Deputy Chief Health Officer (Communicable Disease), Dr Deborah Friedman said Murray Valley encephalitis (MVE) virus had been detected in mosquitoes at locations across northern Victoria last week.

“These results demonstrate that MVE virus is increasing in the mosquito population and indicates a current and active risk to people in these areas,” Dr Friedman said.

“This marks the first detection of the virus in Victoria in over 10 years through surveillance programs,” she said.

“MVE virus is endemic to northern Australia and the virus was previously detected in Victoria in 2011 from animal surveillance along the Murray River.
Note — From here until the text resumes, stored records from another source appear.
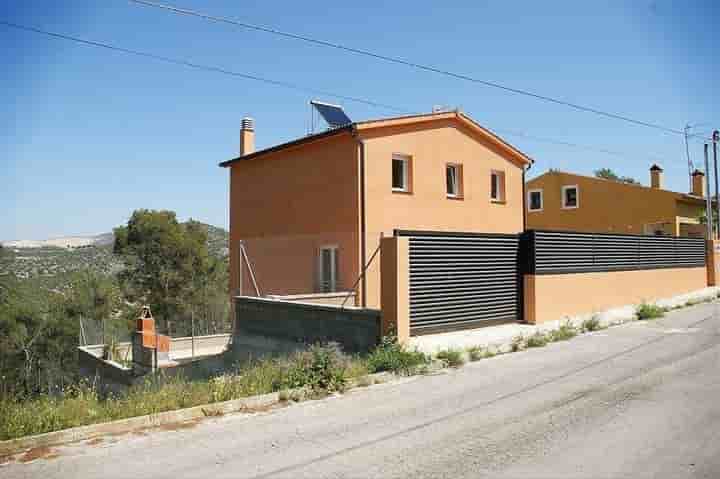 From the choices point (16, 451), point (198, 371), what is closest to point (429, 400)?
point (16, 451)

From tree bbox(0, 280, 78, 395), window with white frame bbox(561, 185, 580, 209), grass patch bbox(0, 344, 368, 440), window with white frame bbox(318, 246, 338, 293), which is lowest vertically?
tree bbox(0, 280, 78, 395)

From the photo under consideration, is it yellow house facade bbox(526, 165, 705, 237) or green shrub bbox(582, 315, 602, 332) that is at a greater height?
yellow house facade bbox(526, 165, 705, 237)

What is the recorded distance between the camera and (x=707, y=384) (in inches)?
303

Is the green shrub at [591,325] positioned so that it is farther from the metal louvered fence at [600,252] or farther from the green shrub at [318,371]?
the green shrub at [318,371]

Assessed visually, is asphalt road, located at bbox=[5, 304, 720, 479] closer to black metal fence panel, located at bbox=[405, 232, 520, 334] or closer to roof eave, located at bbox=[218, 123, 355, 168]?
black metal fence panel, located at bbox=[405, 232, 520, 334]

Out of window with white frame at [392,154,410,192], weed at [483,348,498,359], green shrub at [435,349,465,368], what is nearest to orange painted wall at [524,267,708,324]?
weed at [483,348,498,359]

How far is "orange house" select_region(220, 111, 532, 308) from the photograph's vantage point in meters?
14.6

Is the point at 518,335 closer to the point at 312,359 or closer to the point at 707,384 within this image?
the point at 707,384

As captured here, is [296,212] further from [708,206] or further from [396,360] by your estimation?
[708,206]

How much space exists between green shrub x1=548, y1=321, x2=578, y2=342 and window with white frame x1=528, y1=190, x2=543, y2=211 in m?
26.6

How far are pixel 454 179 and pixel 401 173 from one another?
2402mm

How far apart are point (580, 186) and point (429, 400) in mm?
31857

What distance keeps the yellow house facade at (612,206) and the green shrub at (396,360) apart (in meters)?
26.3

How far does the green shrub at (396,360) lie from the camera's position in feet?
29.2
“The last human cases of MVE virus infection in Victoria were reported in 1974 following significant flooding.”

Dr Friedman said MVE virus could cause a rare but potentially serious infection of the central nervous system which was spread to humans by infected mosquitoes.

She said there was no effective treatment or vaccine for MVE.

“The best prevention is to protect against mosquito bites,” the Deputy Chief Health Officer said.

“The risk of mosquito-borne diseases, such as MVE, Japanese encephalitis, Kunjin/West Nile virus, and Ross River and Barmah Forest virus infections, is high due to recent weather conditions and elevated mosquito numbers across Victoria.”

Dr Freidman said symptoms may include fever, headache, nausea, vomiting and muscle aches, although most infected people do not have symptoms.

She said that in serious cases, people could develop meningitis or encephalitis.